§ **Task objective**
The answer must be an exact copy of every record below.

(Web page caption snippets)
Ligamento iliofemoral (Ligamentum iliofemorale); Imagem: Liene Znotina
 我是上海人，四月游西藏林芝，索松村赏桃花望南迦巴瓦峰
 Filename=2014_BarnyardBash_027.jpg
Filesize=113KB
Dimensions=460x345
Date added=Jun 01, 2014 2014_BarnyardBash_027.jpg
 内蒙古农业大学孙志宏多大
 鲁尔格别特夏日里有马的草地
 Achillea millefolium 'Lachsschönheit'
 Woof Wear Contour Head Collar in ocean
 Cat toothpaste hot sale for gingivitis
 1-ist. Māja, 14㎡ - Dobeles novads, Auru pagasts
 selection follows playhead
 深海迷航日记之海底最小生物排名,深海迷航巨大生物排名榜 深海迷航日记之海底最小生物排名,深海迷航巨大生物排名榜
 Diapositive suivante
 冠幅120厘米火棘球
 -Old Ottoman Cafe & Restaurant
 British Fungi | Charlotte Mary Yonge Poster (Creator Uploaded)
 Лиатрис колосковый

§ **Your response**
Ligamento iliofemoral (Ligamentum iliofemorale); Imagem: Liene Znotina
 我是上海人，四月游西藏林芝，索松村赏桃花望南迦巴瓦峰
 Filename=2014_BarnyardBash_027.jpg
Filesize=113KB
Dimensions=460x345
Date added=Jun 01, 2014 2014_BarnyardBash_027.jpg
 内蒙古农业大学孙志宏多大
 鲁尔格别特夏日里有马的草地
 Achillea millefolium 'Lachsschönheit'
 Woof Wear Contour Head Collar in ocean
 Cat toothpaste hot sale for gingivitis
 1-ist. Māja, 14㎡ - Dobeles novads, Auru pagasts
 selection follows playhead
 深海迷航日记之海底最小生物排名,深海迷航巨大生物排名榜 深海迷航日记之海底最小生物排名,深海迷航巨大生物排名榜
 Diapositive suivante
 冠幅120厘米火棘球
 -Old Ottoman Cafe & Restaurant
 British Fungi | Charlotte Mary Yonge Poster (Creator Uploaded)
 Лиатрис колосковый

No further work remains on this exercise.